The book includes love letters written by Roman poet Ovid, explorer Sir Walter Raleigh, writer Johann Wolfgang von Goethe, novelist Nathaniel Hawthorne, poet Robert Browning, short story writer Edgar Allan Poe, novelist Mark Twain, mathematician Lewis Carroll, physicist Pierre Curie, playwright George Bernard Shaw, adventurer Jack London, Admiral Robert Peary, President Woodrow Wilson, poet Lord Byron, poet John Keats, philosopher Voltaire, King Henry VIII of England, President George Washington, Emperor Napoleon I of France, painter Vincent van Gogh, composer Wolfgang Amadeus Mozart, and composer Ludwig van Beethoven, among others. It also includes biographical information about the writers and recipients, the circumstances and relationships that led to the letters, and explanations of what occurred in the years following the correspondence.

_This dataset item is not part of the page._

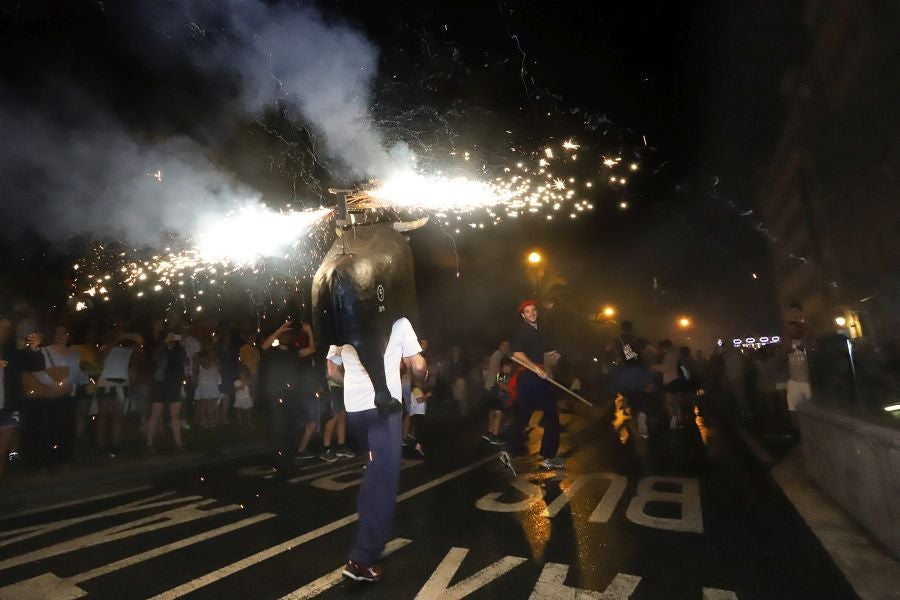 Además de los conciertos, los fuegos y el consabido helado, hay una cita que muchos donostiarras y visitantes no perdonan: el toro de fuego que hace las delicias de pequños y mayores.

The book of love letters written by great men throughout history was originally created as a prop for the Sex and the City film but was published in response to fan demand. The one that appears exactly as in the movie was authored by John C. Kirkland and published on May 12, 2008, the same date the film premiered. The book was ranked among the top 250 Bestsellers in Books on Amazon.com, and was the #1 ranked Literature & Fiction book in both the Letters & Correspondence and Poetry categories in September 2008, the month the DVD of the film was released. On November 25, 2008, St. Martin's Press published a book entitled Love Letters of Great Women edited by Ursula Doyle, which it says was also inspired by the Sex and the City movie.